My research is in the areas of software engineering, pervasive computing, crowdsensing, broadening participation in computing, pedagogical innovations in computer science and AI education. The models, programming abstractions, and toolkits that I have developed enable reasoning about context-aware systems and lower the barrier to developing robust software for rapidly changing pervasive computing environments. The interdisciplinary work that I engage in continues to lead to collaborations that have socially relevant applications; I continue to develop collaborations with psychologists, cognitive neuroscientists, and educational researchers to create assistive technologies for smart health and well-being as well as interventions that have the potential to significantly increase persistence in computing degree programs, with enhanced impacts among African American/Black, Hispanic/Latinx, Native American/Alaskan Native, Pacific Islander/Native Hawaiian, and women students, faculty, and professionals who have been historically excluded in the field of computing. Through my work in these areas, I have been awarded approximately $40M in research funding from multiple agencies, including the National Science Foundation and the Department of Homeland Security.

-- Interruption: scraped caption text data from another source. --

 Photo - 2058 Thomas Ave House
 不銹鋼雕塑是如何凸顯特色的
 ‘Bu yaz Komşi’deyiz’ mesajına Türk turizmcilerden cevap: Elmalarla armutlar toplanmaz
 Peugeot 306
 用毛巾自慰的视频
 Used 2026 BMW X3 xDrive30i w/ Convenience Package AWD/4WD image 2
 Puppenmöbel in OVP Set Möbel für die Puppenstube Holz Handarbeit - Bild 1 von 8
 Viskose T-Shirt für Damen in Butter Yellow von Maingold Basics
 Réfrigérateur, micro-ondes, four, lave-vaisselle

See Google Scholar for a list of publications.

Project moveSmart: Integrating K12 computer science with physical activity and core subjects through wearable computing

To address the need for all K12 students to develop knowledge about computer science concepts, Project moveSMART aims to integrate computer science learning objectives into core subject areas, while motivating physical activity to promote student wellness as part of a whole learner approach. Project moveSMART uses a web-based platform and wearable sensors to integrate opportunities for physical activity with computer science and computational thinking (CS/CT) learning activities. The associated Project moveSMART curriculum embodies a project-based learning approach to expose students to data analysis and machine learning in the framework of classification and pattern recognition.

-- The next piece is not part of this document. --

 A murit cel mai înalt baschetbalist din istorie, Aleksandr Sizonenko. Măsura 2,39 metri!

BRIDGES: Connecting data structures and algorithms assignments to dynamic, real world data set

The BRIDGES project aims to enable the creation of more engaging, socially relevant assignments in introductory computer science courses by providing students with a simplified API that allows them to populate their data structure implementations with live, real-world data sets, such as those from popular social networks and web repositories (e.g., Twitter, Facebook, IMDb). The BRIDGES software system also allows students to create and explore visualizations of each executed data structure that they implement, which can promote better understanding of data structures and underlying algorithms. Students using BRIDGES show increased learning gains and successful progression in following courses in the CS major compared to a control group. Ongoing projects explore the integration of AI into the BRIDGES software platform to support the identification of individual student knowledge gaps and generation of customized challenge problems that connect to their prior, demonstrated proficiencies. 

STARS: Developing Evidence-based Approaches for Broadening Participation in Computing

We build upon theories of identity development and student engagement to construct evidence-based approaches that broaden participation of underrepresented groups in computing and improve learning outcomes for all students.  Focus is given to exploring pedagogical methods for teaching computer science that increase persistence in computing degree programs. Approaches are realized and experimentally validated through the STARS Computing Corps (STARS), a national alliance of more than 70 colleges and universities with a shared commitment to broadening participation in computing. At each STARS member institution, faculty support college students in leading computing-related service learning projects for the K-12 population, such as engaging students from underserved schools in computer science learning experiences or providing teachers with support for inclusive, engaging computer science learning activities. These projects promote persistence and advancement among STARS college students by 1) connecting their computing knowledge to community and societal impacts; 2) reinforcing their computing knowledge through teaching and practice; 3) developing professional, entrepreneurial and creative skills; and 4) fostering a network of computing faculty and students with a shared commitment to diversity, equity and inclusion in computing.